▸ Work task
Write out each record exactly as it stands. No pictures belong in the copy.

▸ Supplied information
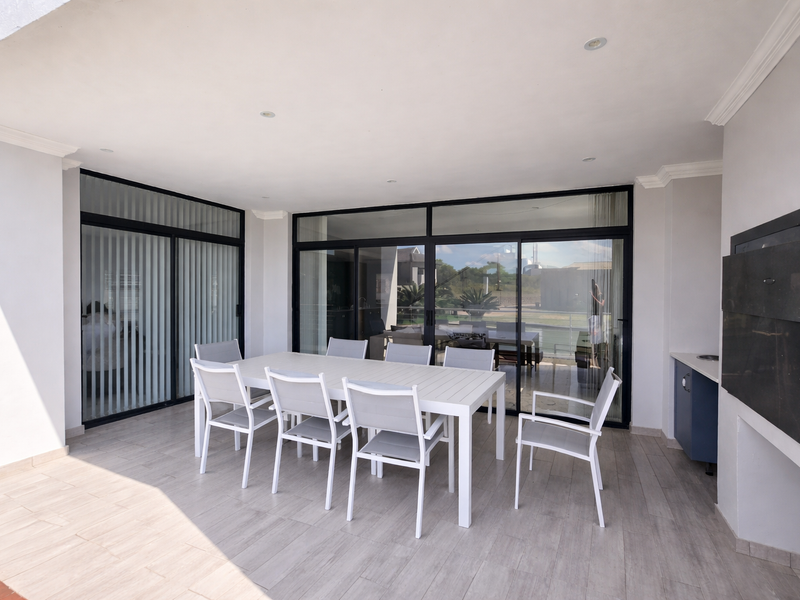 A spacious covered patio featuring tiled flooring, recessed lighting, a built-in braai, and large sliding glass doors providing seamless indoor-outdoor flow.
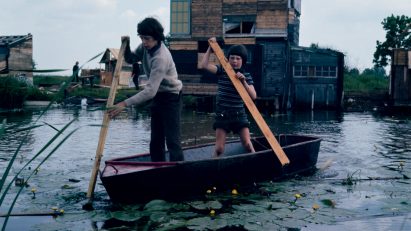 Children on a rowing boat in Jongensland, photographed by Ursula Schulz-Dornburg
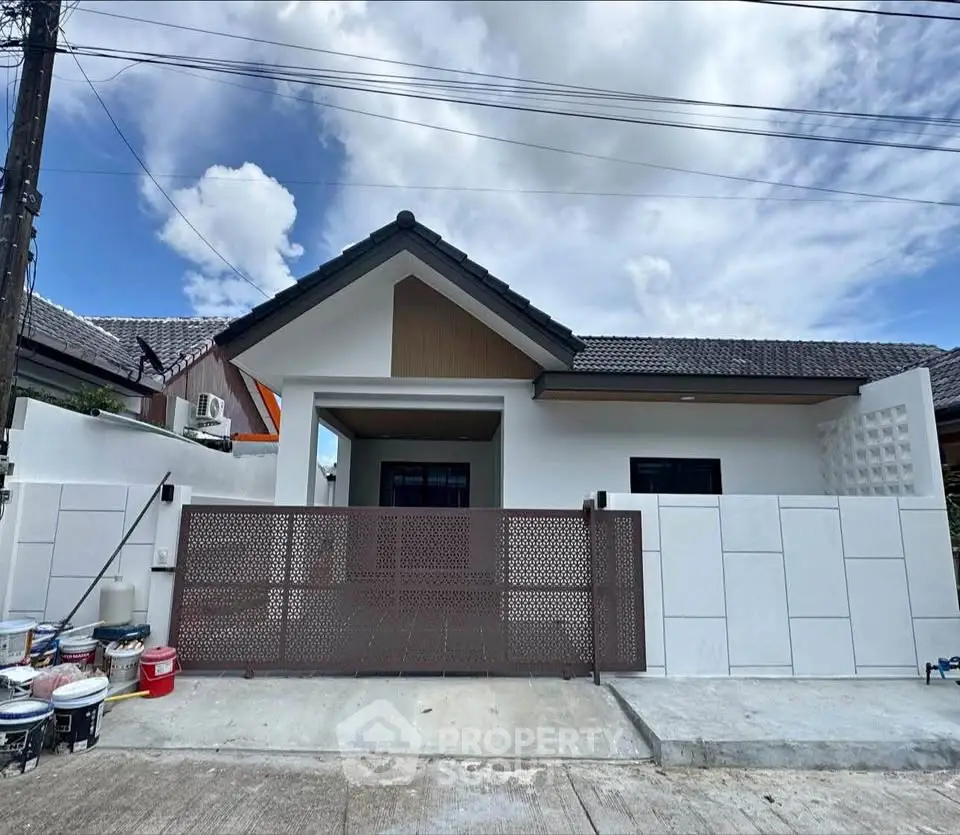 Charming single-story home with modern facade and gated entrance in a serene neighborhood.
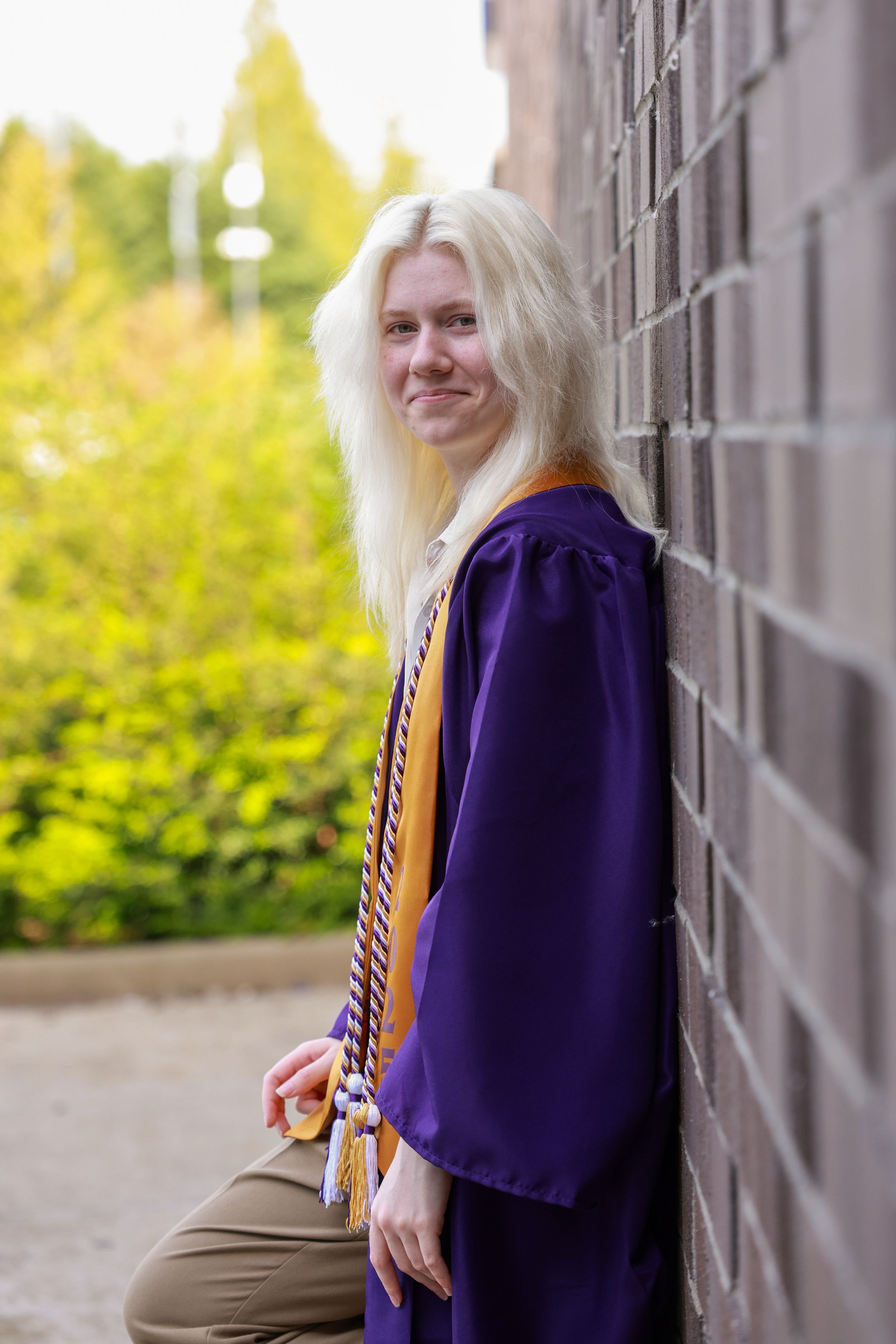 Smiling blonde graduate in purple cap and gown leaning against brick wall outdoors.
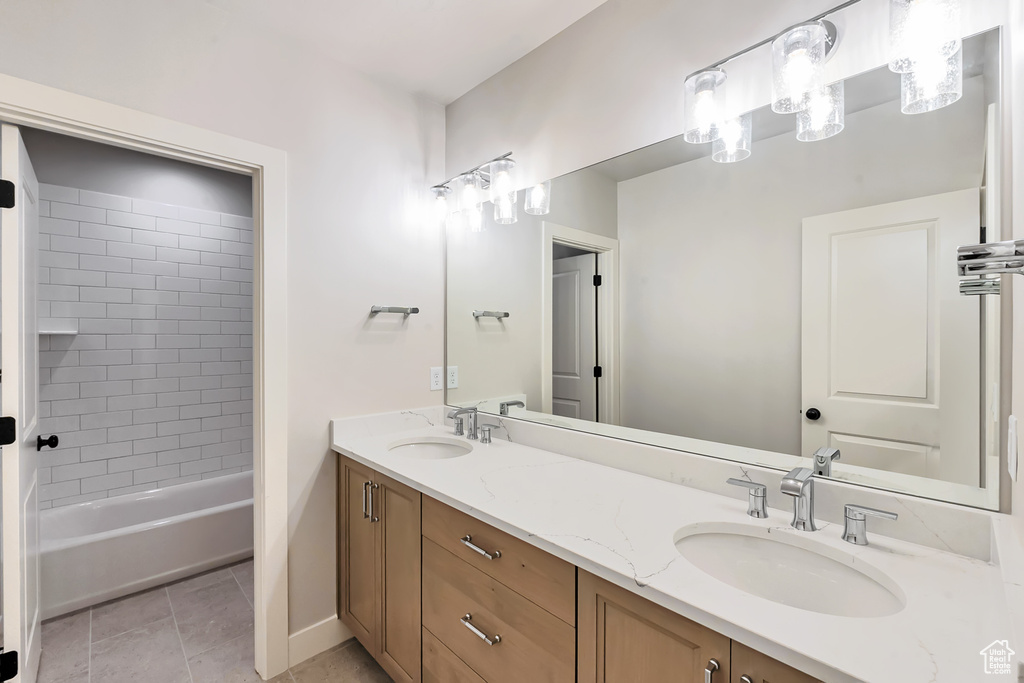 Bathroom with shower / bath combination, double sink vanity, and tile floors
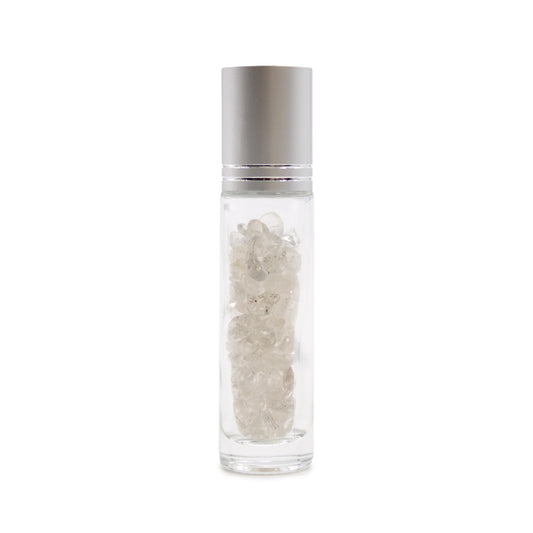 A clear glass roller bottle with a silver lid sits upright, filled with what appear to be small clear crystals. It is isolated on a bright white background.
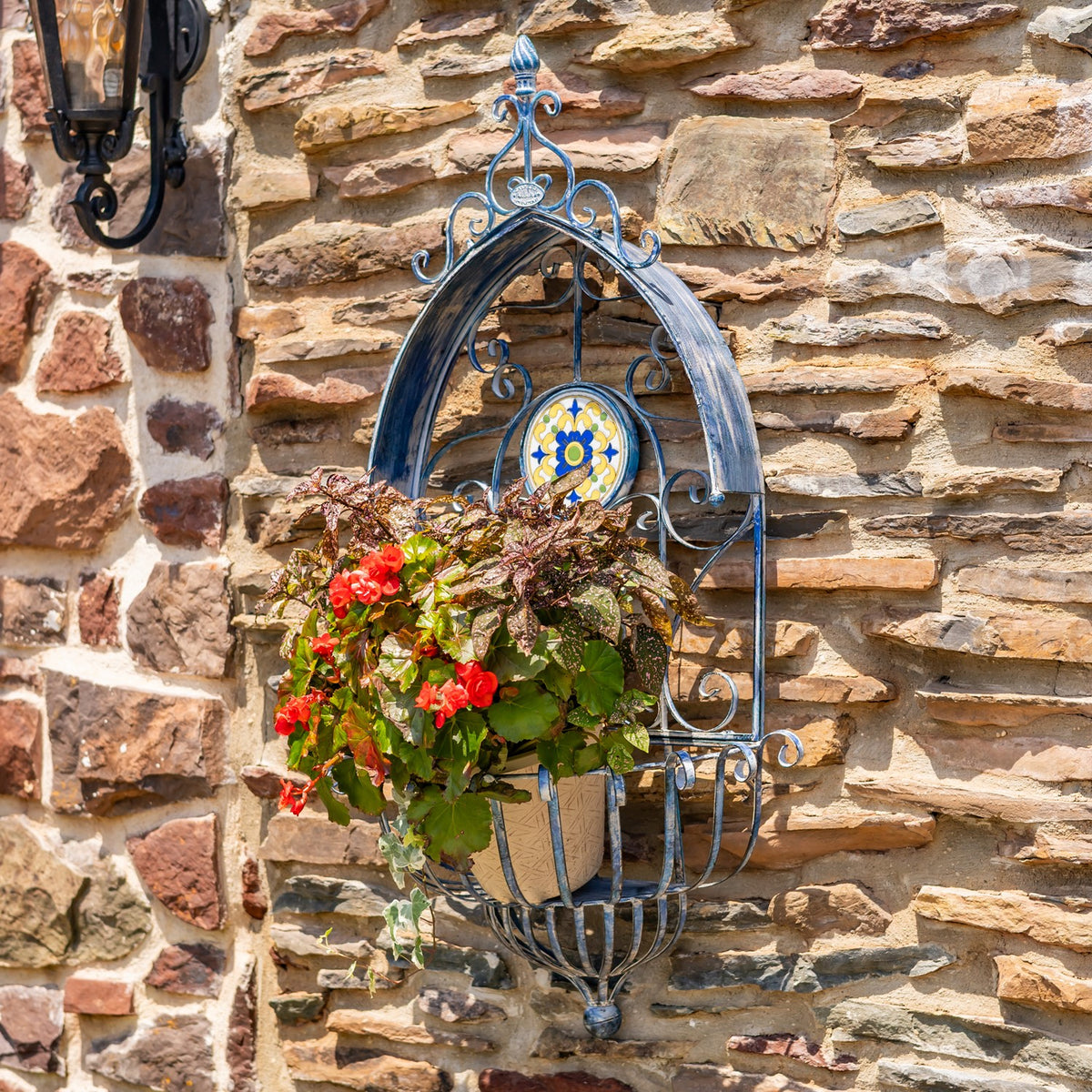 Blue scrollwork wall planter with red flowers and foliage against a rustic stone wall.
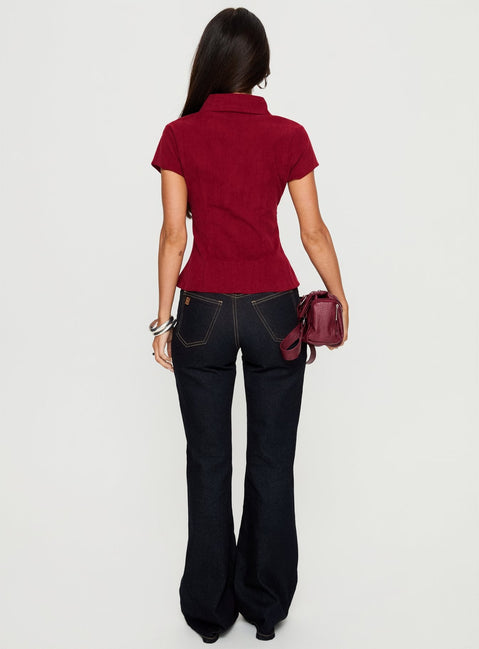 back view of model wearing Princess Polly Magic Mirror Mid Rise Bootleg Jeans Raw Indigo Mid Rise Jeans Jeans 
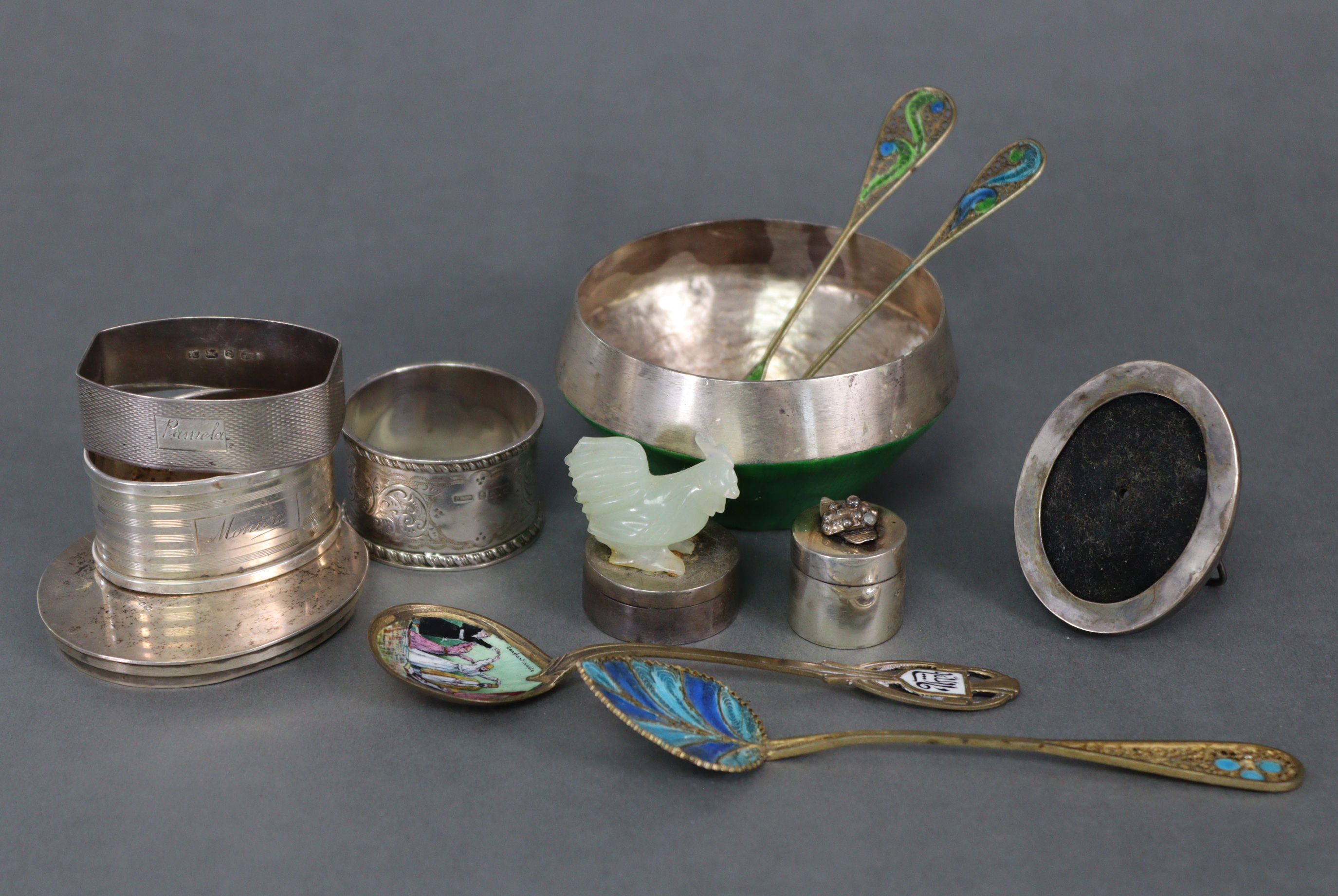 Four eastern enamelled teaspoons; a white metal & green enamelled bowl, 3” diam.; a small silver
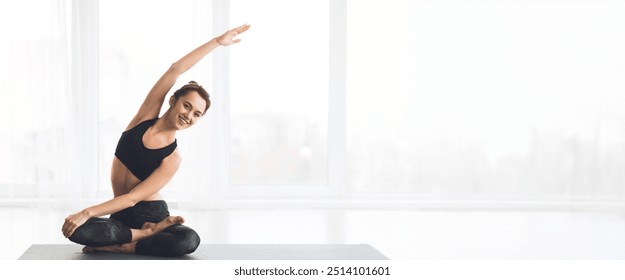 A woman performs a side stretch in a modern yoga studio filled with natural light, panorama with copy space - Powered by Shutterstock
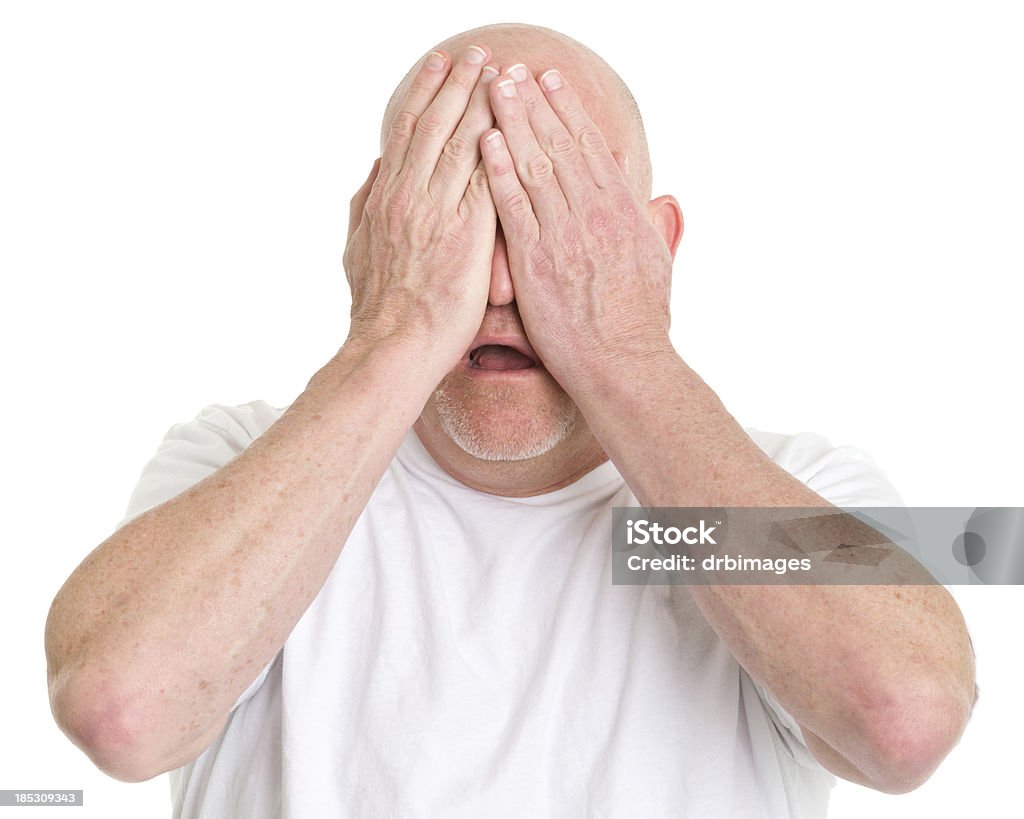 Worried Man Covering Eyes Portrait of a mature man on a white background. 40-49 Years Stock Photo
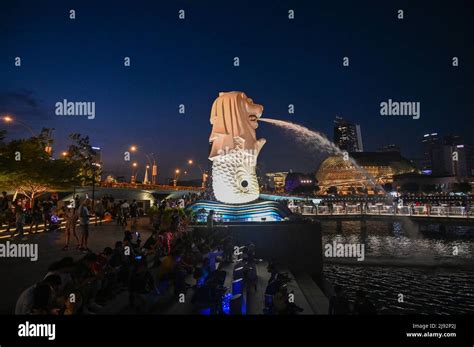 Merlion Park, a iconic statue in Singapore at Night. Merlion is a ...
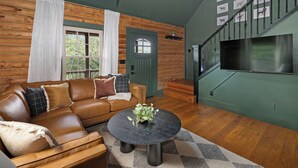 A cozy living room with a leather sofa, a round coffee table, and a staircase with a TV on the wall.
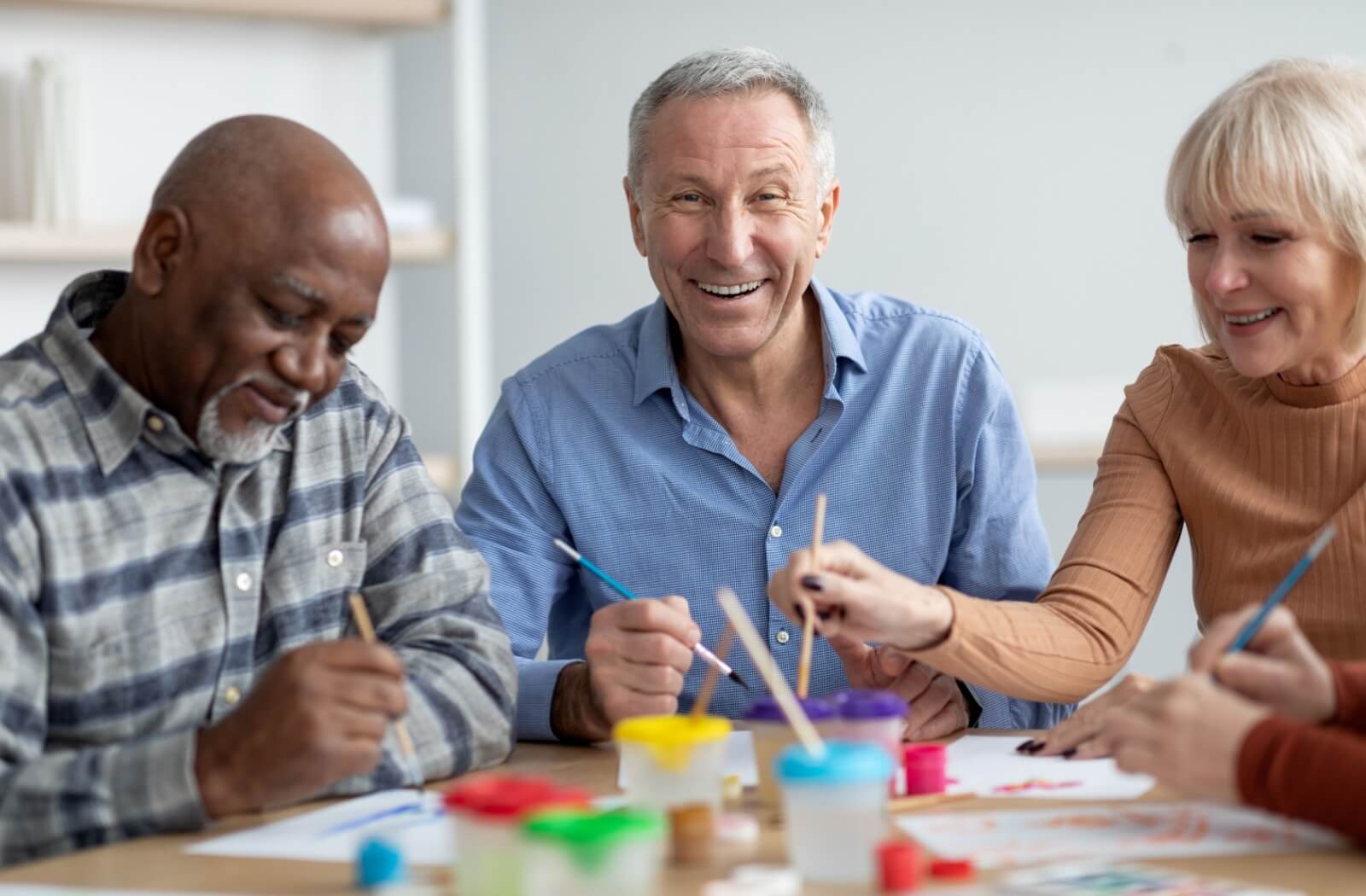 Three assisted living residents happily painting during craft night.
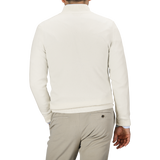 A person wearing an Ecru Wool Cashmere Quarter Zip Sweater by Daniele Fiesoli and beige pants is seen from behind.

▸ Written answer
 A spacious covered patio featuring tiled flooring, recessed lighting, a built-in braai, and large sliding glass doors providing seamless indoor-outdoor flow.
 Children on a rowing boat in Jongensland, photographed by Ursula Schulz-Dornburg
 Charming single-story home with modern facade and gated entrance in a serene neighborhood.
 Smiling blonde graduate in purple cap and gown leaning against brick wall outdoors.
 Bathroom with shower / bath combination, double sink vanity, and tile floors
 A clear glass roller bottle with a silver lid sits upright, filled with what appear to be small clear crystals. It is isolated on a bright white background.
 Blue scrollwork wall planter with red flowers and foliage against a rustic stone wall.
 back view of model wearing Princess Polly Magic Mirror Mid Rise Bootleg Jeans Raw Indigo Mid Rise Jeans Jeans 
 Four eastern enamelled teaspoons; a white metal & green enamelled bowl, 3” diam.; a small silver
 A woman performs a side stretch in a modern yoga studio filled with natural light, panorama with copy space - Powered by Shutterstock
 Worried Man Covering Eyes Portrait of a mature man on a white background. 40-49 Years Stock Photo
 Merlion Park, a iconic statue in Singapore at Night. Merlion is a ...
 A cozy living room with a leather sofa, a round coffee table, and a staircase with a TV on the wall.
 Three assisted living residents happily painting during craft night.
 A person wearing an Ecru Wool Cashmere Quarter Zip Sweater by Daniele Fiesoli and beige pants is seen from behind.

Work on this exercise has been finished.